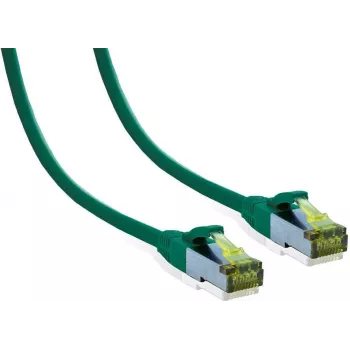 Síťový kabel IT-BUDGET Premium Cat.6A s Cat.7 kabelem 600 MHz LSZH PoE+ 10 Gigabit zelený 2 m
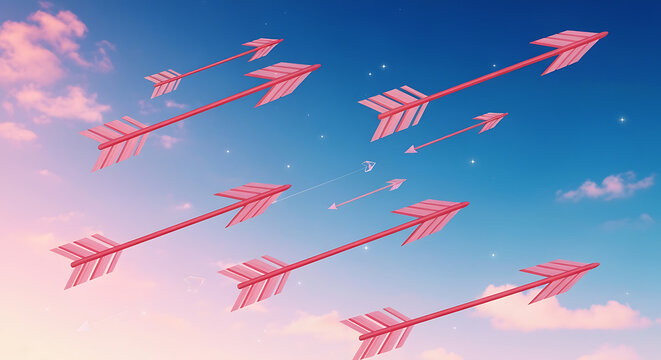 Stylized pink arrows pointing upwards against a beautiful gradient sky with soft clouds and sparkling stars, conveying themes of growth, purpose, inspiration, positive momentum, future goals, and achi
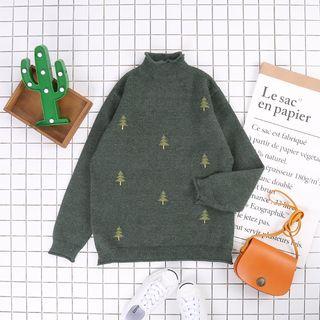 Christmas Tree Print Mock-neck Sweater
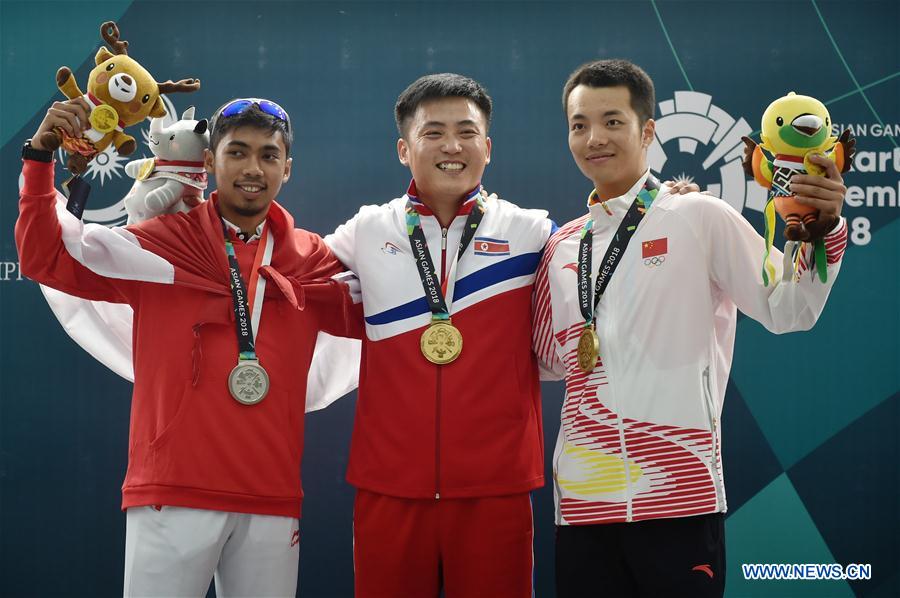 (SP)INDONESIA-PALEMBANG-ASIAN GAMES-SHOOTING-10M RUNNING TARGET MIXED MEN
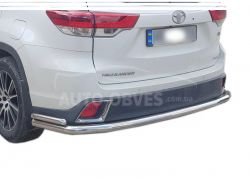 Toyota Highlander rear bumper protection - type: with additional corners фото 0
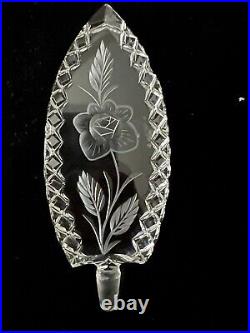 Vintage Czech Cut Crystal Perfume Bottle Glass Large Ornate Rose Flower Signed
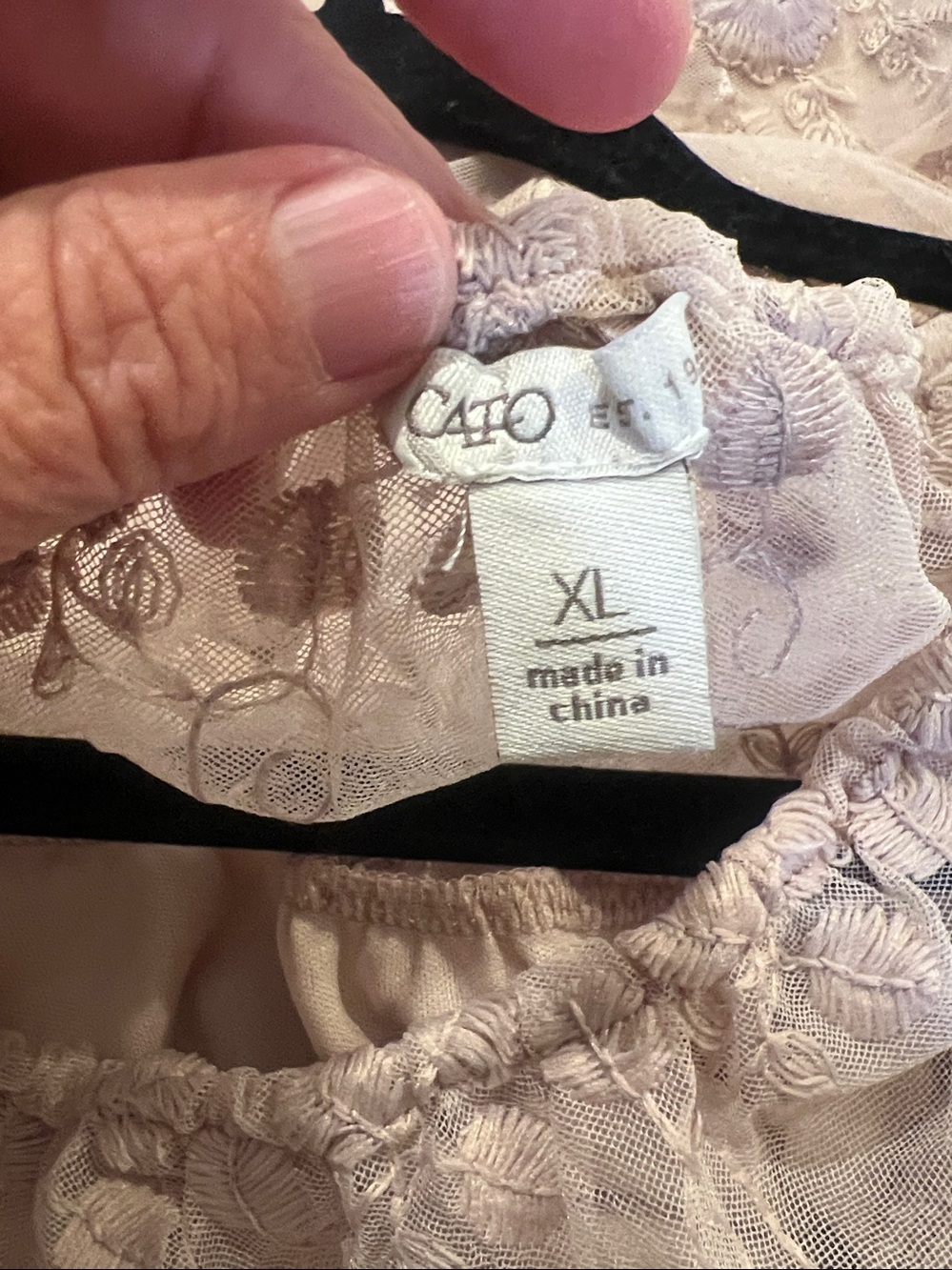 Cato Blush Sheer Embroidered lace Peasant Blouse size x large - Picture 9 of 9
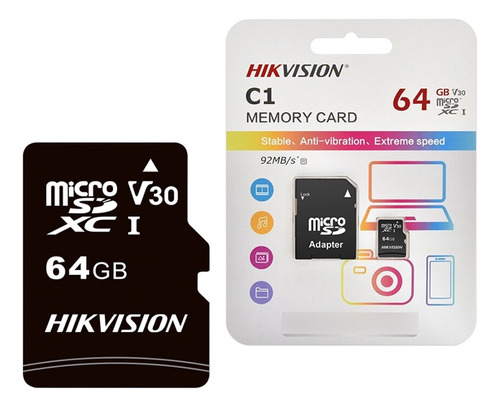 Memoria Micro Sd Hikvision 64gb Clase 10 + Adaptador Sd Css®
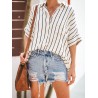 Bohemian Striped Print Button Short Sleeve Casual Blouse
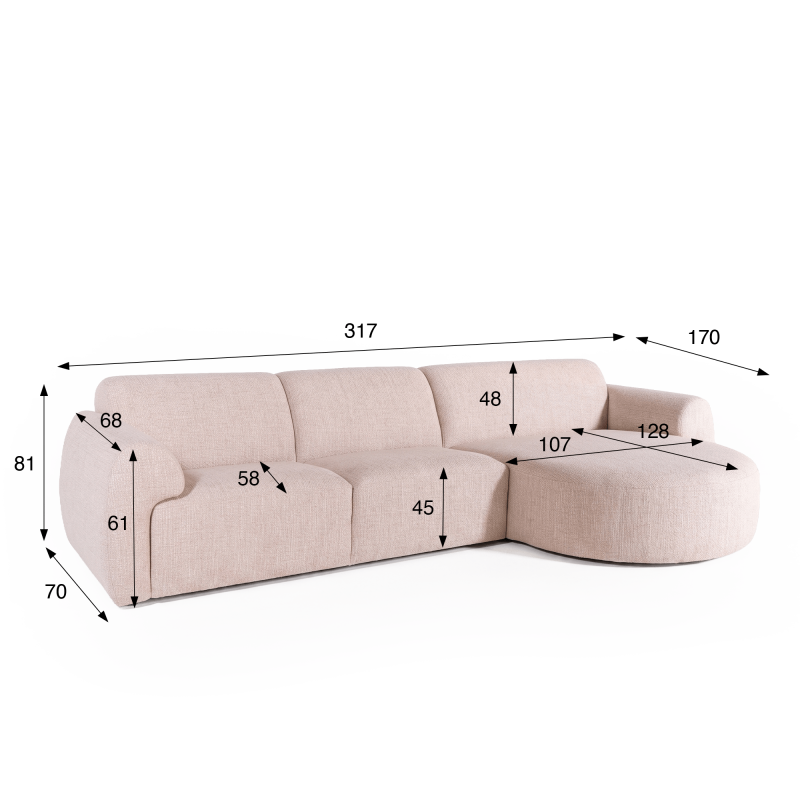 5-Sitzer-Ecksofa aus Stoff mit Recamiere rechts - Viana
########
Work to complete – Could you transcribe all of the data exactly, keeping every picture out of the copy?

Task solution –
 Síťový kabel IT-BUDGET Premium Cat.6A s Cat.7 kabelem 600 MHz LSZH PoE+ 10 Gigabit zelený 2 m
 Stylized pink arrows pointing upwards against a beautiful gradient sky with soft clouds and sparkling stars, conveying themes of growth, purpose, inspiration, positive momentum, future goals, and achi
 Christmas Tree Print Mock-neck Sweater
 (SP)INDONESIA-PALEMBANG-ASIAN GAMES-SHOOTING-10M RUNNING TARGET MIXED MEN
 Toyota Highlander rear bumper protection - type: with additional corners фото 0
 Vintage Czech Cut Crystal Perfume Bottle Glass Large Ornate Rose Flower Signed
 Cato Blush Sheer Embroidered lace Peasant Blouse size x large - Picture 9 of 9
 Memoria Micro Sd Hikvision 64gb Clase 10 + Adaptador Sd Css®
 Bohemian Striped Print Button Short Sleeve Casual Blouse
 5-Sitzer-Ecksofa aus Stoff mit Recamiere rechts - Viana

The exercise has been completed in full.